Jika muncul suatu persoalan, para sahabat melihat bagaimana cara
Nabi memutuskan. Jika diperoleh, lalu bermusyawarah. Setelah Abu Bakar
Meninggal, Umar pun berbuat hal yang sama. Dilihatnya terlebih dahulu cara Nabi
menghukumkan dan kalau tidak ada, dilihat bagaimana cara Abu Bakar memutuskan.
Di zaman Abu Bakar terkumpulah kita Suci Al-Qur’an yang dahulu
belum pernah dikumpulkan menjadi satu. Ketika musyawarah, ada di kalangan
sahabat yang berpendapat bahwa mengumpulkan Al-Qur’an dalam satu kitab (mushaf)
adalah bid’ah. Bahkan Umar mulanya berpendapat begitu. Namun setelah bermusyawarah
bersama akhirnya umat Islam memutuskan bersama-sama untuk mengumpulkan
Al-Qur’an dalam satu mushaf.
Jiwa pemerintahan Islam jelas dan nyata dalam pidato Abu Bakar
ketika diangkat menjadi khalifah setelah Nabi Muhammad saw wafat.
“Kalian mengangkat saya menjadi kepala pemerintahan. Tetapi
tidaklah saya lebih baik dari pada kalian. Jika saya menjalankan yang benar,
sokonglah saya. Akan tetapi, jika saya menyimpang kedalam kesalahan,
ingatkanlah saya.” (Hamka. 2015: 36)
Contoh lain yaitu ketika perang Uhud. Dimana kaum muslimin
berbincang-bincang “apakah musuh akan ditunggu dari kota (bertahan) atau akan
dihadapi keluar kota?”. Suara terbanyak ketika itu yaitu hendaklah ditempur
keluar kota. Padahal Nabi sendiri masuk golongan suara yang menunggu dan
bertahan di dalam kota. Beliyau tunduk kepada suara terbanyak. Lalu
diletakkannya pakaian peperangannya, baju besinya, perisainya dan disandang
pedangnya. Tetapi setelah kata keputusan demikian, masih di dengar bisik-bisik
sesudah bermusyawarah, di kalangan sahabat-sahabatnya sendiri, “barangkali
memang lebih baik kita menungggu musuh dalam kota saja. fikiran Nabi tadi yang
benar.”
Setelah sampai berita itu kepada beliyau, Rasullallah murka. Lalau
beliyau berkata “Pantang bagi seorang Nabi membuka kembali pakaian peperangan
yang telah dilekatkan kebadannya, sebelum jelas mana yang menang di antara dia
dengan musuhnya. Inilah rahasia tawakkal sesudah mendapat kepastian tadi.

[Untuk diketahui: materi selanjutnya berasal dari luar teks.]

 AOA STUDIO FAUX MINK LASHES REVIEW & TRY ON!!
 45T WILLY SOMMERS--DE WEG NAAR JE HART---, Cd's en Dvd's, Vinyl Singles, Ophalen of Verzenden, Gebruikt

Kebetulan Perang Uhud adalah perang yang membawa kekalahan. Di sana
Hamzah syahid. Penjaga ash-Shada melupakan disiplin sehingga Nabi pun hampir
meninggal. Setelah pulang dari peperangan itu, tidak ada sedikit juga keluar
dari mulut Nabi Muhammad penyesalan bahwa kalau sekiranya pikirannya yang
dahulu di ikuti, tentu tidak akan kalah.
Dalam praktik yang berlalu di zaman Nabi atau zaman
khalifah-khalifah sesudahnya, ternyata syura benar-benar pertukaran pikiran.
Jelas bahwa pikiran senantiasa tidak sama. Namun, konsep syuro inilah yang
digunakan di dalam Islam apabila mengambil suatu keputusan.
Dengan adanya konsep syuro ternyata Barat menyontek dengan
menggunakan sistem ATM (Amati, Tiru, Modifikasi). Sistem syuro dan nilai-nilai
di dalam syuro dicontoh oleh barat dan menggantinya dengan nama “Demokrasi”.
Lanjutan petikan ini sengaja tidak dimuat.